Exercise:
Some entries follow. Reproduce exactly the lines starting at the one with "MERCEDES-BENZ C 180 CGI 2012" and stopping after the one with "Pressotherapy at Beauty".

====== Dataset excerpts

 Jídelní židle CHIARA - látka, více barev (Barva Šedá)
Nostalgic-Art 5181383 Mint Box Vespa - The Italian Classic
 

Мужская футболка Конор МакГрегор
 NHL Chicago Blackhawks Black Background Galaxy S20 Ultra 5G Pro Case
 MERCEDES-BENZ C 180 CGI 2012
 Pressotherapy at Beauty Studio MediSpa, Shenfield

============
====== Dataset excerpts

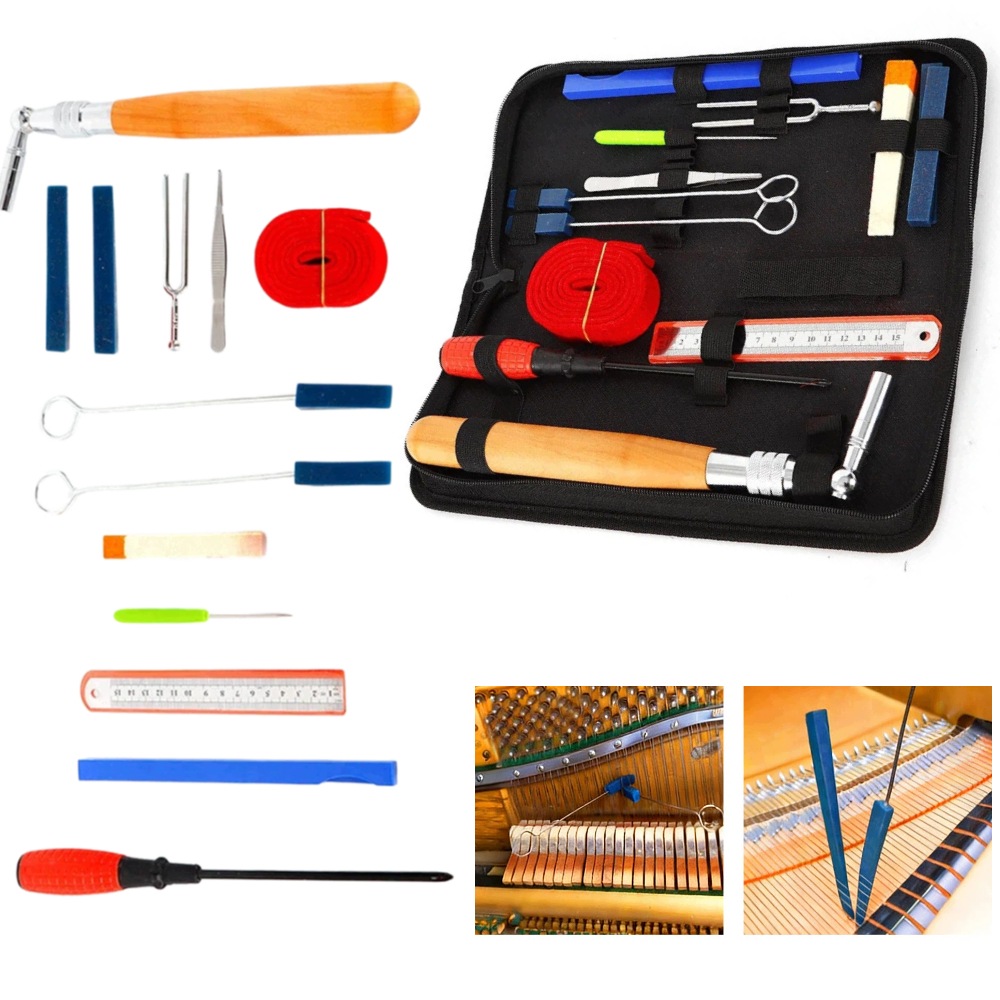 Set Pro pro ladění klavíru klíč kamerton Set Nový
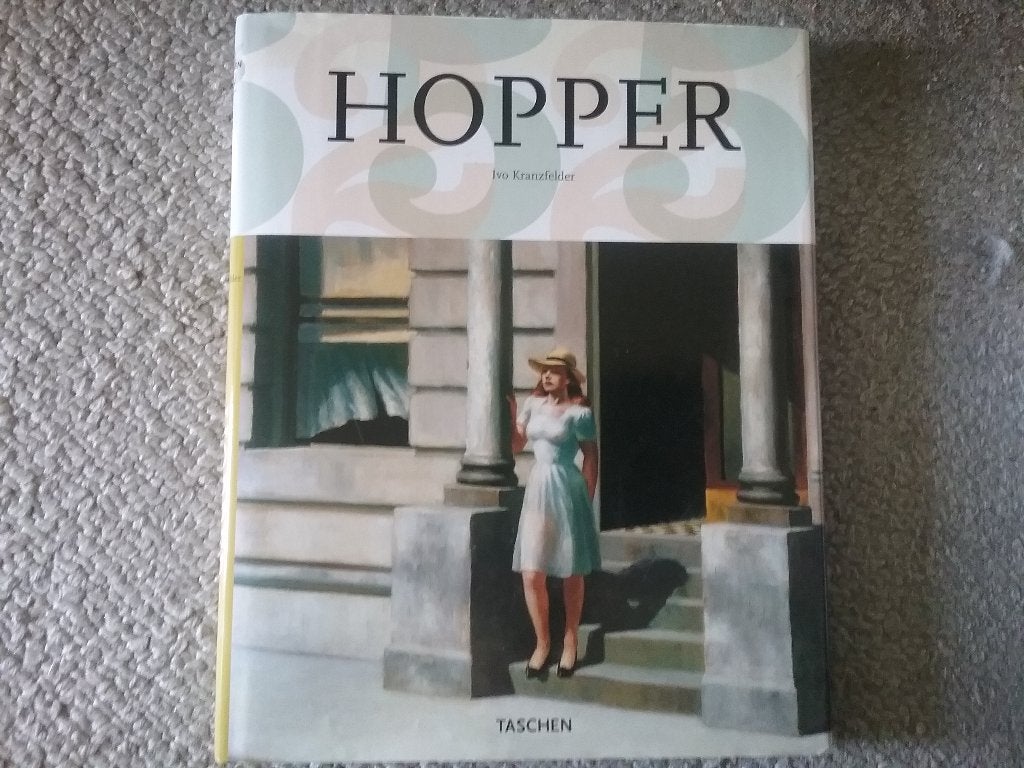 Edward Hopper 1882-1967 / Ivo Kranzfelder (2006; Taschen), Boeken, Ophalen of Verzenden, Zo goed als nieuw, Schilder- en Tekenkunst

============

Written answer:
 MERCEDES-BENZ C 180 CGI 2012
 Pressotherapy at Beauty Studio MediSpa, Shenfield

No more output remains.